*** Source records ***

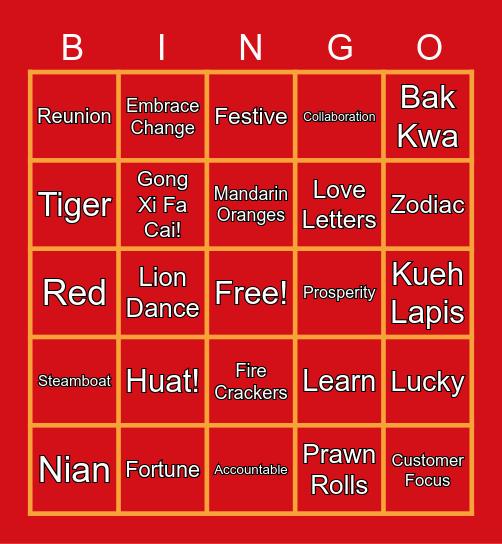 2022 EDMI LNY - BINGO!! Bingo Card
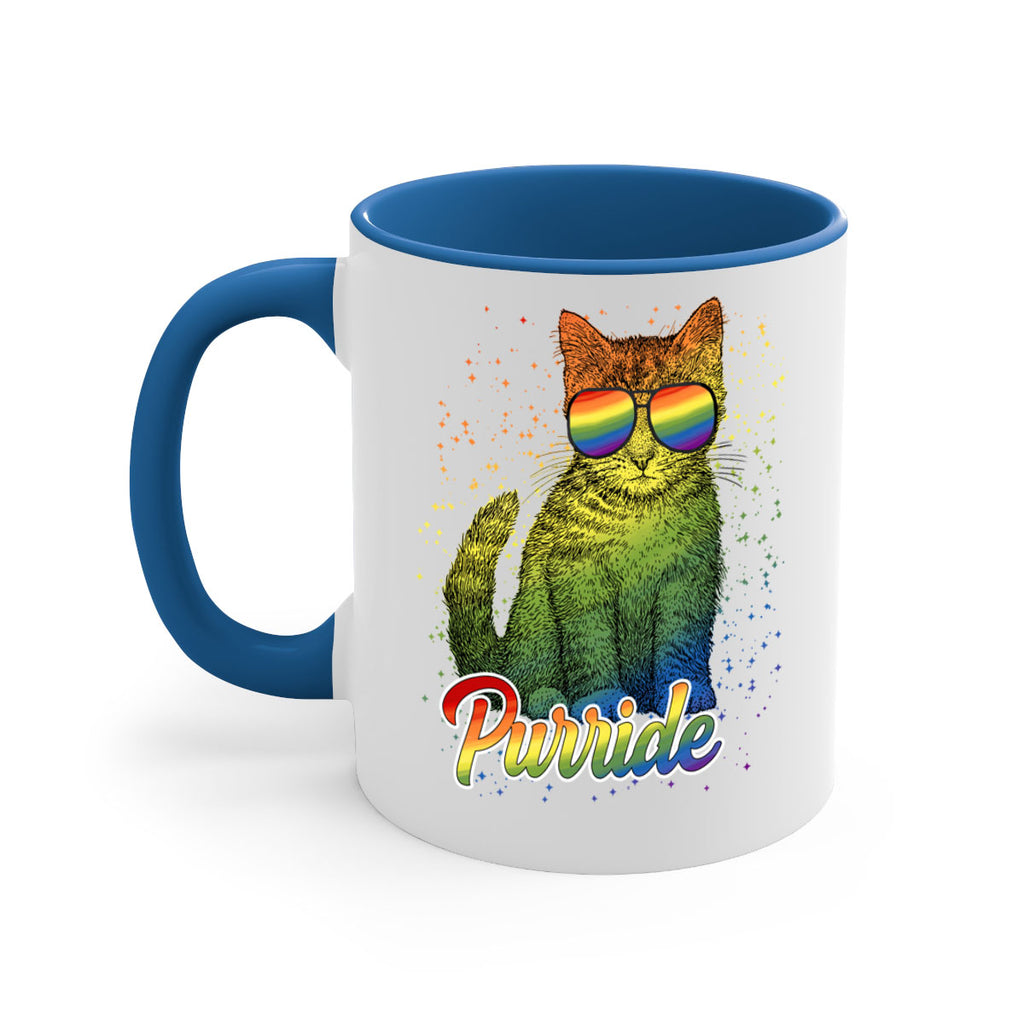 Cat Purride Lgbt Flag  Png 57#- lgbt-Mug / Coffee Cup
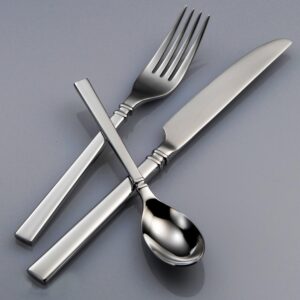 Oneida Shaker 18/0 Stainless Steel Dessert/Salad Forks (Set of 12)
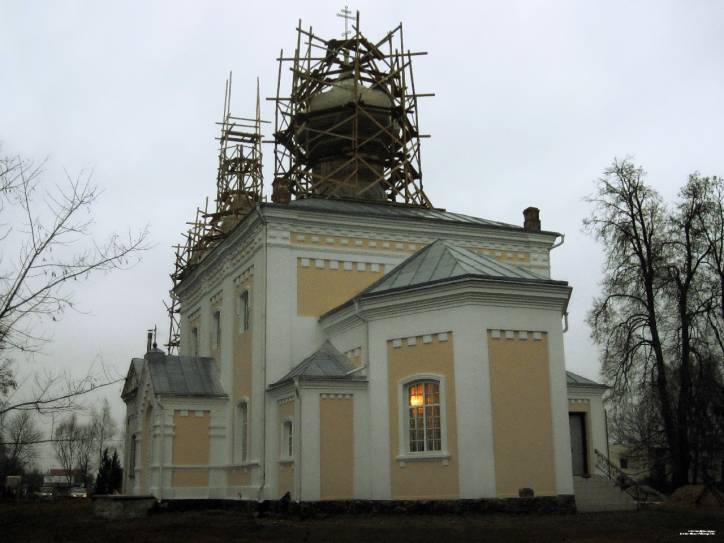 Suchopal. Orthodox church of the Exaltation of the Holy Cross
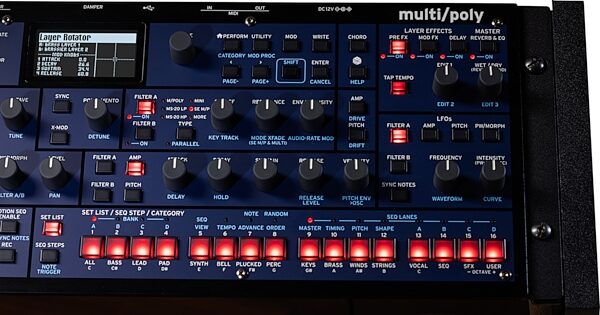 open zoom image for Korg Multi/Poly Analog Modeling Synthesizer Module, New, Action Position Back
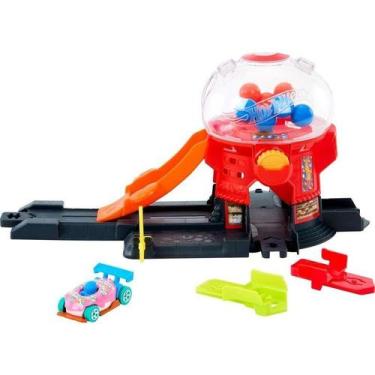 Imagem de Jbm62 hot wheels pista de brinquedo loja de doces - MATTEL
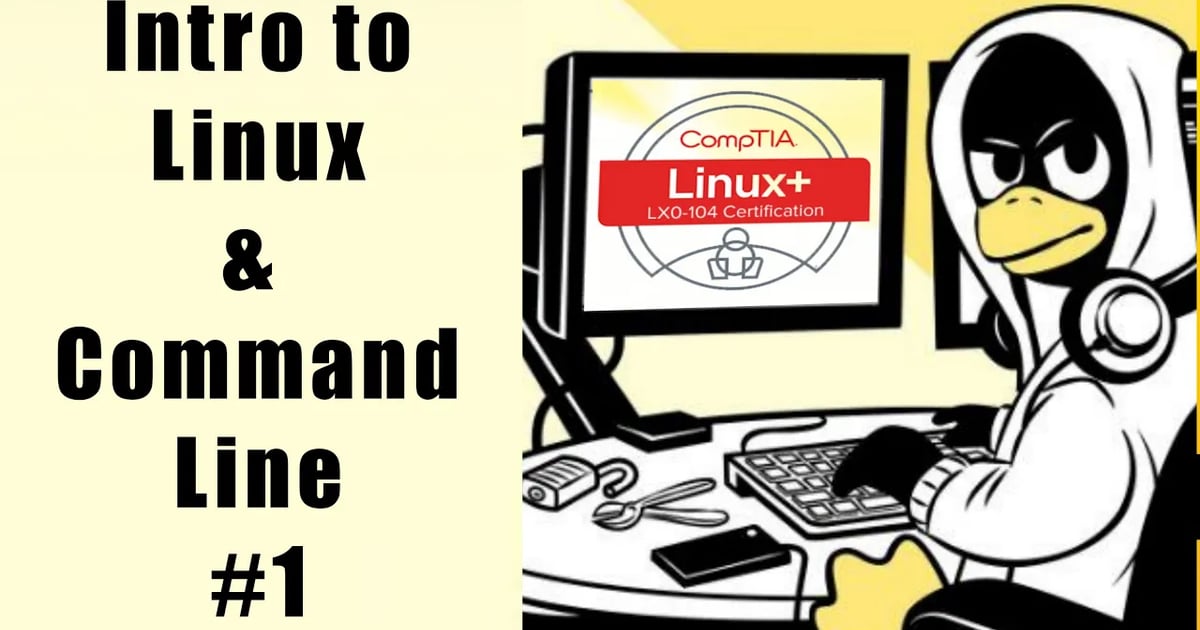 CompTIA Linux+: Introduction to Linux & the Command Line #1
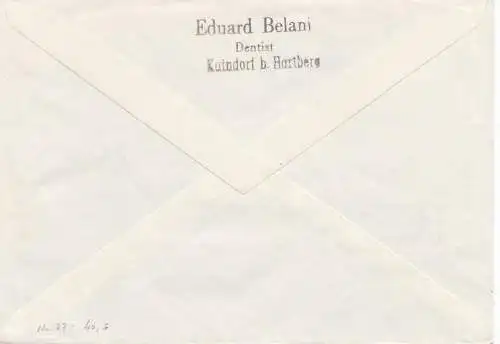 1958: Christkindl - Österreich auf Brief nach Lugano
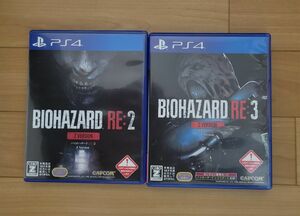 【PS4】 BIOHAZARD RE:2 Z Version BIOHAZARD RE:3 Z Version 二本セット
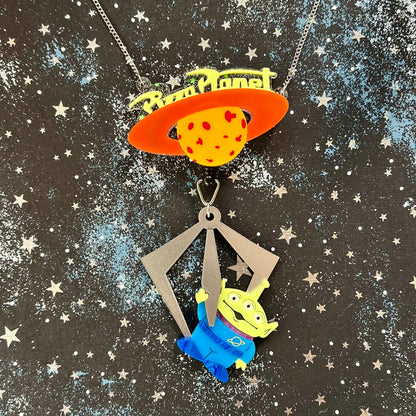 Planet Necklace with Alien (Interactive)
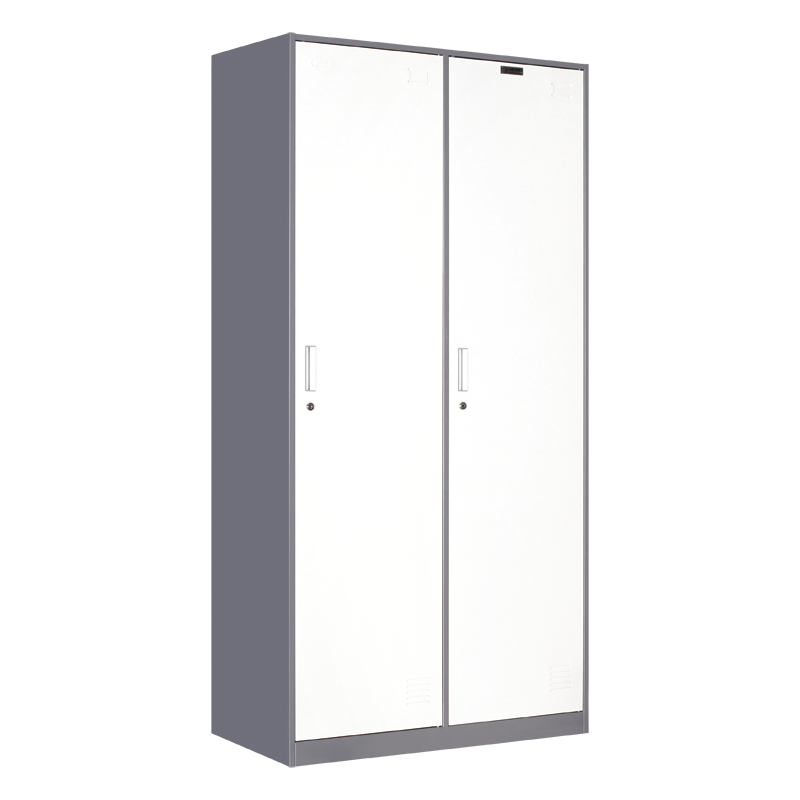 窄邊雙色二門(mén)更衣柜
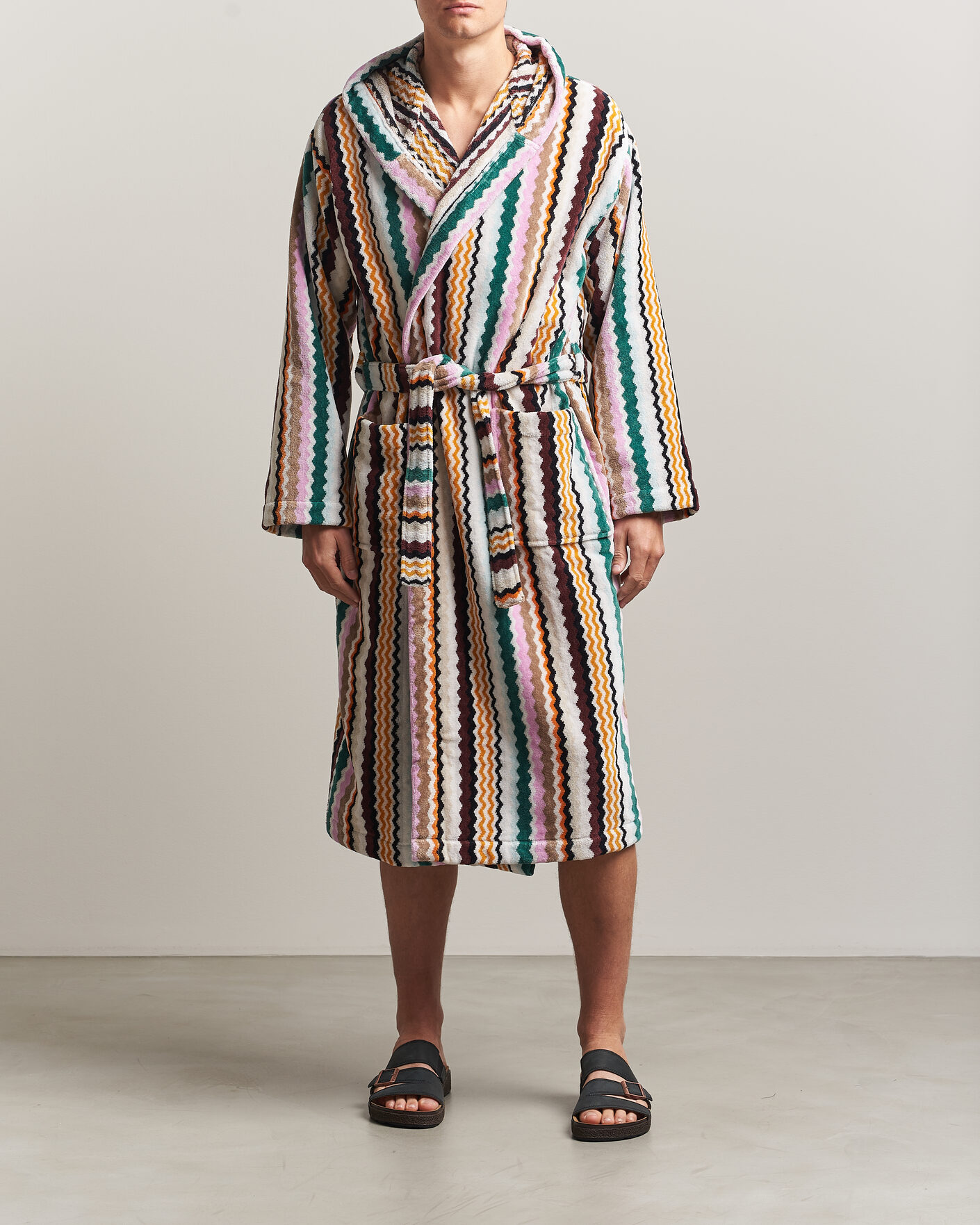 Herre | Pyjamaser og badekåper | Missoni Home | Aura Hooded Bathrobe Multi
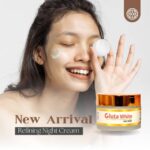 Gluta White Skin Whitening Night Cream in Pakistan - Image 4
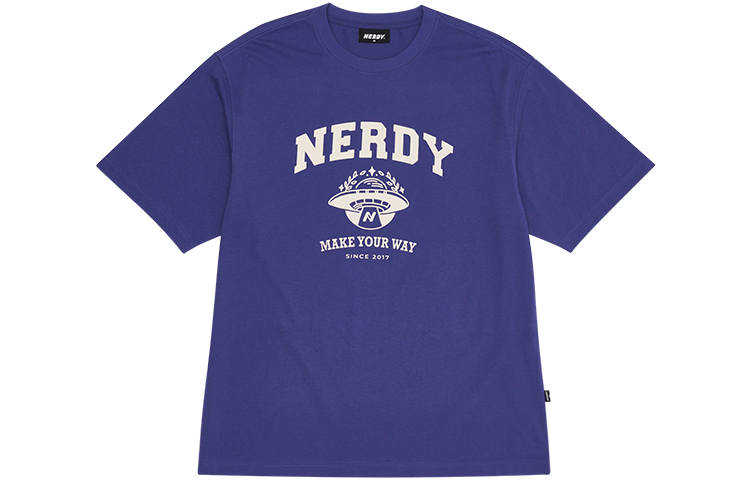 Nerdy Nerdy T Shirt Unisex Marine Blue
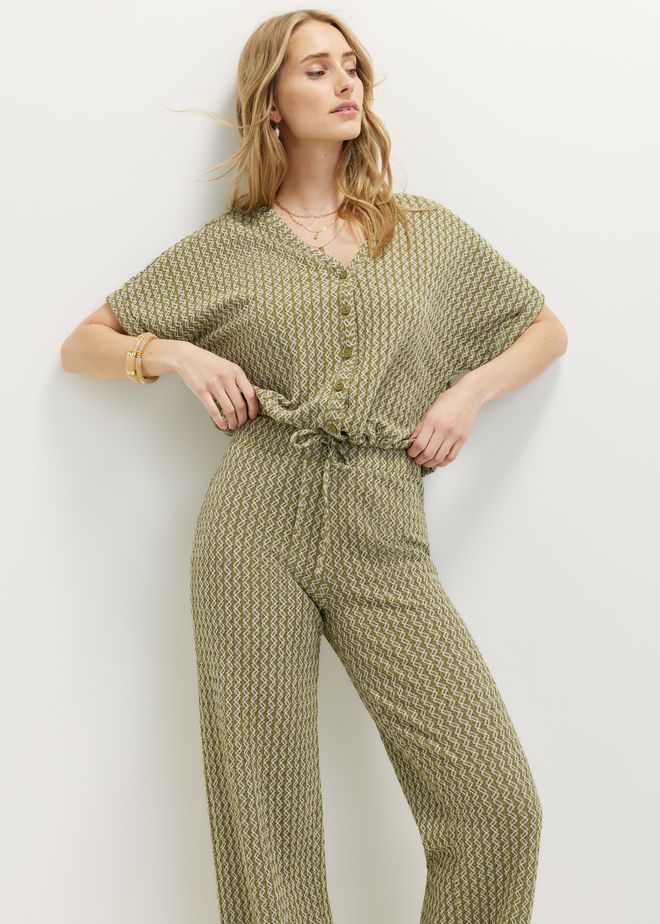 Blouse met patroon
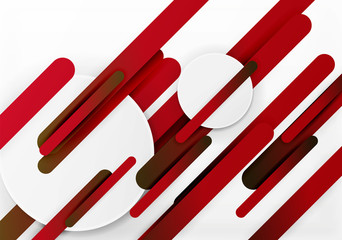 Cut 3d paper color straight lines abstract background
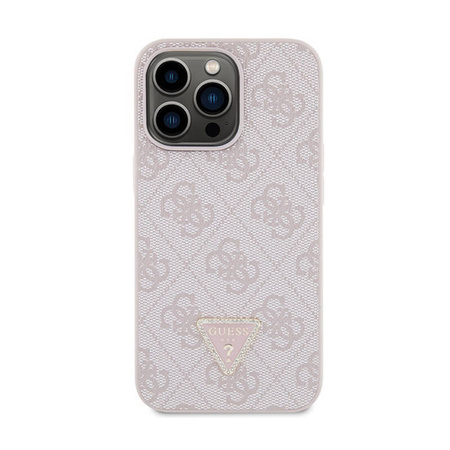 Guess Crossbody 4G Metal Logo - Etui iPhone 13 Pro Max (różowy) (GUHCP13XP4TDSCPP)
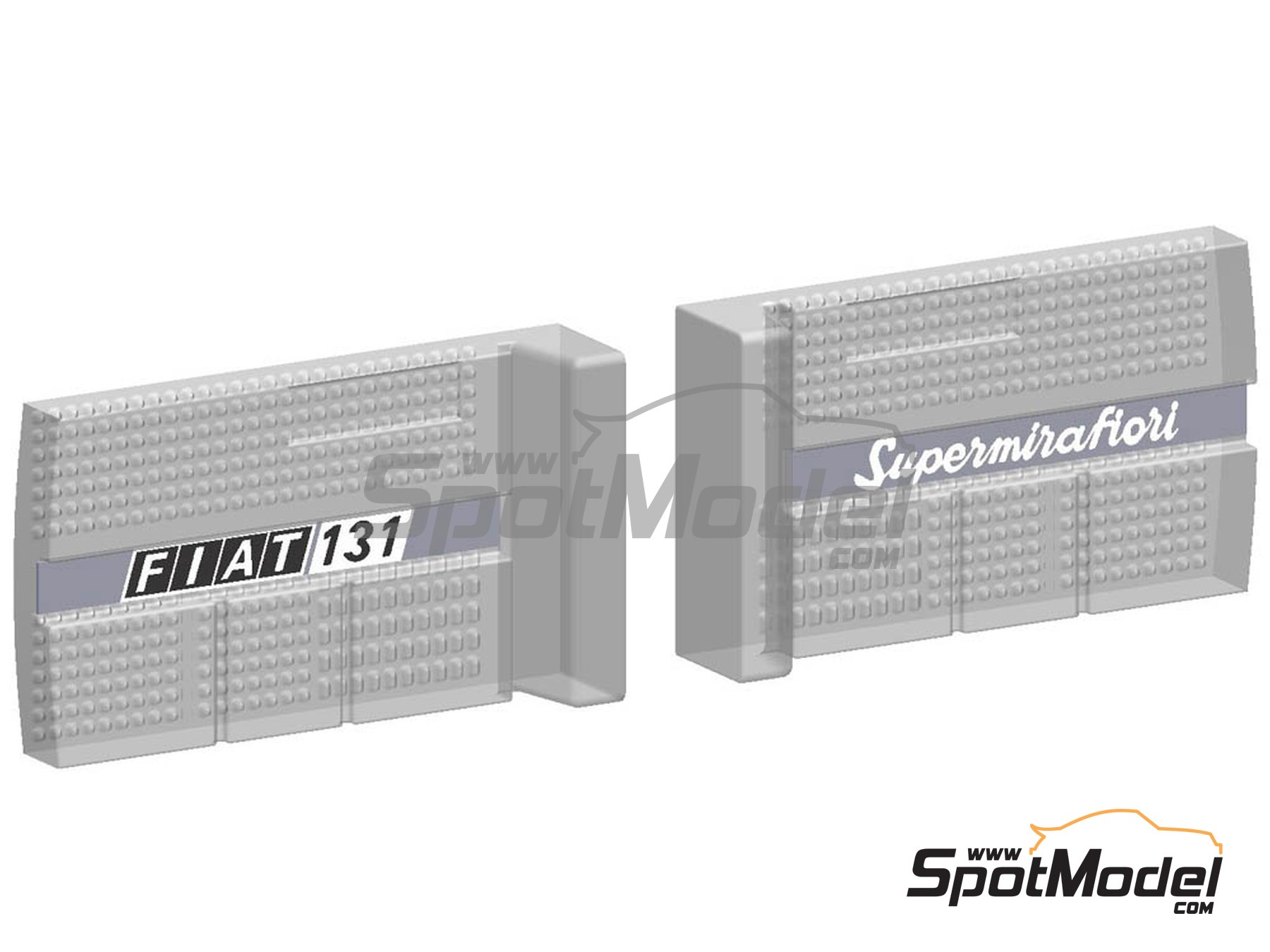 Image 1: Tail lights for Fiat 131 Abarth | Lights in 1/24 scale manufactured by Decalcas (ref.&nbsp;DCL-PAR009)
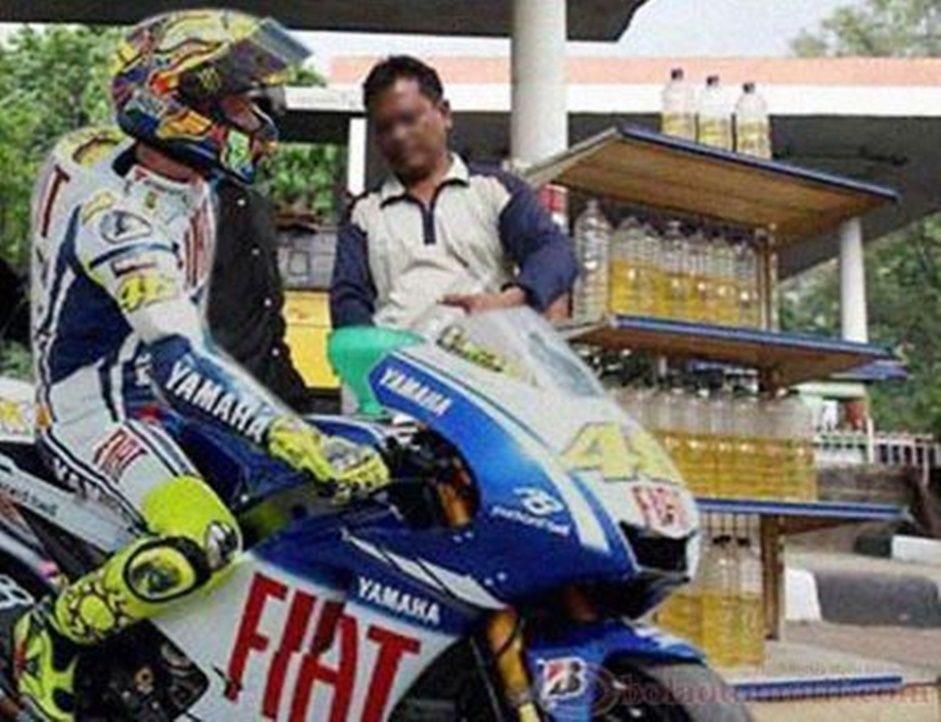 foto editan Valentino Rossi (instagram.com/bolaotomotif)
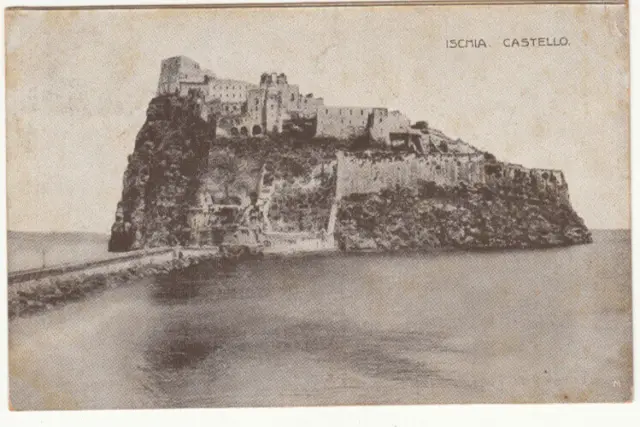 23-24120 - Napoli Ischia - Il Castello Viaggiata 1913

*** End of Source records ***

Retype, exactly and only, the lines from the one containing "Planet Necklace with Alien (Interactive)" through the end of the entries, both ends included, and omit all pictures.

§ Response box
 Planet Necklace with Alien (Interactive)
 窄邊雙色二門(mén)更衣柜
 Herre | Pyjamaser og badekåper | Missoni Home | Aura Hooded Bathrobe Multi
 Gluta White Skin Whitening Night Cream in Pakistan - Image 4
 Nerdy Nerdy T Shirt Unisex Marine Blue
 Blouse met patroon
 Cut 3d paper color straight lines abstract background
 Guess Crossbody 4G Metal Logo - Etui iPhone 13 Pro Max (różowy) (GUHCP13XP4TDSCPP)
 Image 1: Tail lights for Fiat 131 Abarth | Lights in 1/24 scale manufactured by Decalcas (ref.&nbsp;DCL-PAR009)
 foto editan Valentino Rossi (instagram.com/bolaotomotif)
 23-24120 - Napoli Ischia - Il Castello Viaggiata 1913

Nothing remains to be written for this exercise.